Talking to the patients is one aspect of her work that Dr Santo really enjoys.  She also likes the fact that they leave the office feeling better than when they came in.

She and Dr Hans treat a whole range of foot problems: heel pain, occasional surgeries on bunions or hammer toes, and preventative care for diabetic patients, so that they won’t have to lose their feet in the future due to poor circulation or infections.

They treat ankle sprains and fractures, often caused by running.   And if a patient is wearing shoes that aggravate their problem, they let them know.  “For runners we usually recommend New Balance sneakers because they come a little bit wider and they have better arch support.”

Tough schedule

Dr Santo lives with her partner in New Jersey, having moved there after nine years living in Manhattan and then Queens.  She spends two to three hours a day commuting through traffic.  “That’s killing me!” she says.  But despite that she still would not want to move back into the city.
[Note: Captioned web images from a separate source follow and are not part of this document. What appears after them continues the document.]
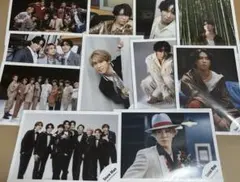 公式写真 まとめ売り 集合 宮舘 江戸川トリオ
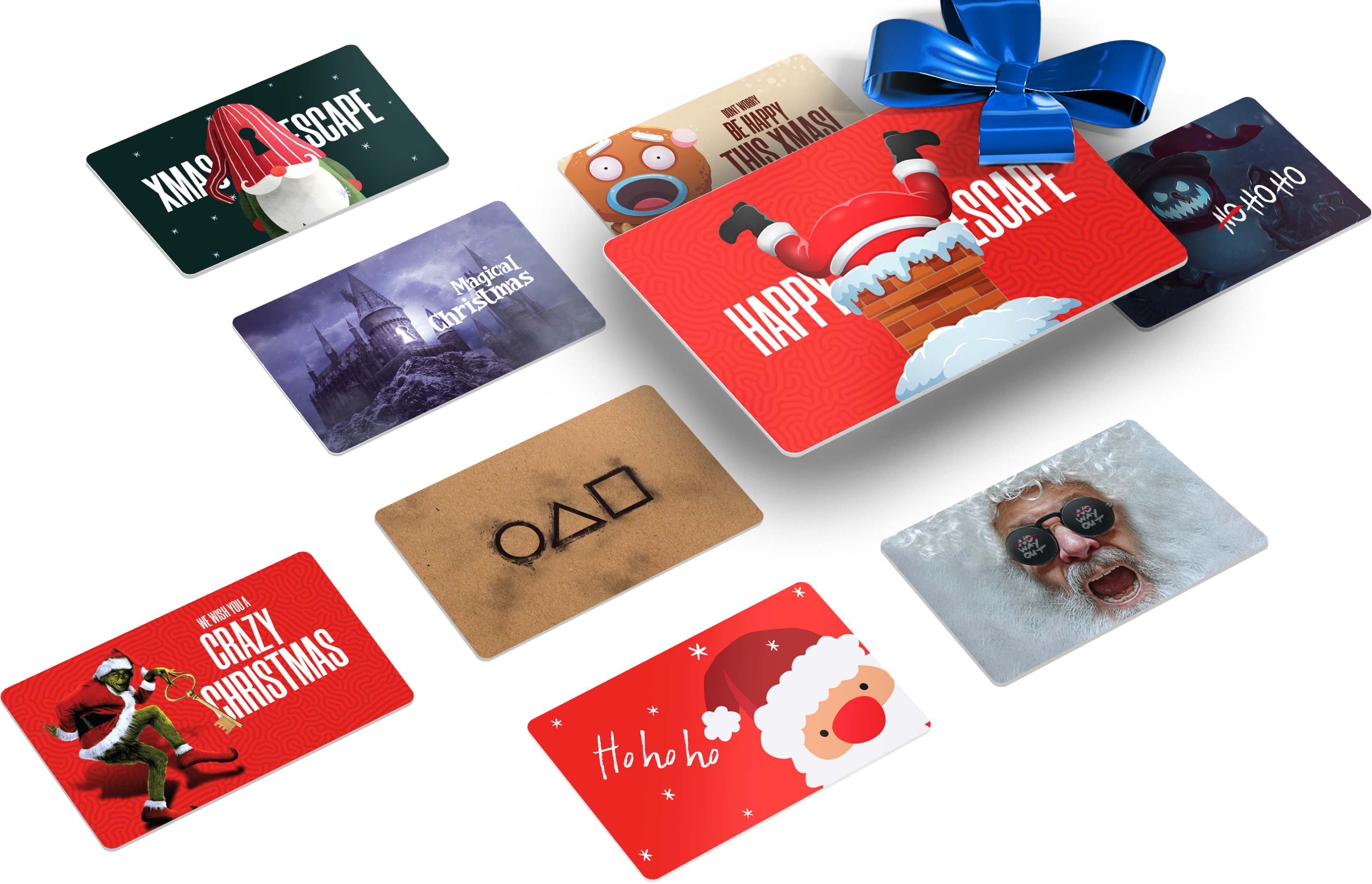 NoWayOut Gift Card - photo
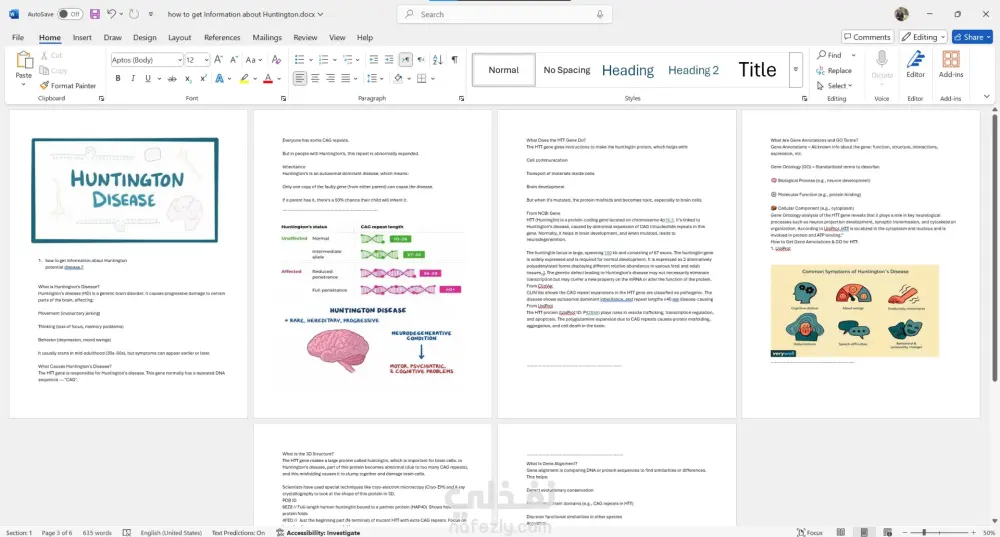 تحويل ملفات من PDF to Word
Once at the office she spends 12 hours there and treats between 20-30 patients.  The hardest part is the paperwork.  For each patient she sees, there are 10-15 minutes of paperwork, up to 30 minutes if the patient is new.   She takes a lot of the paperwork to finish at home.

Dr Santo takes a short lunch break but usually spends it in the office and has food delivered from one of the 30th Ave. restaurants.

Once a month, she and a girlfriend who works in the hospital meet on a Monday night for supper at the Indian restaurant, Ghandi.   “I love that place.  Even if it means eating late – and sometimes waiting around on my own for her if she finishes after me – I make it happen, at least once a month.”

What’s next

“I definitely want three kids, and I have to start soon!” says Dr Santo.  “I want two girls and a boy.  I already have their names and everything.”

Career-wise, Dr Santo says that in the future she would like to have her own practice: “It would have state-of-the-art everything.  And lots of rooms.  I would work there three times a week, and do surgery one day a week.  I might join a residency program where I could train other people to become podiatrists, do teaching lectures here and there.

“Perhaps some trauma work too.  But the problem with trauma is that you always have to be on call with your pager next to your hip.  So I’d probably just do trauma call once or twice a month.  That’s my ideal.  Oh and I’d dictate all of my charts instead of handwriting them. (laughs).”

How does Dr Santo plan to make this happen? “It will take some time, and a lot of energy.”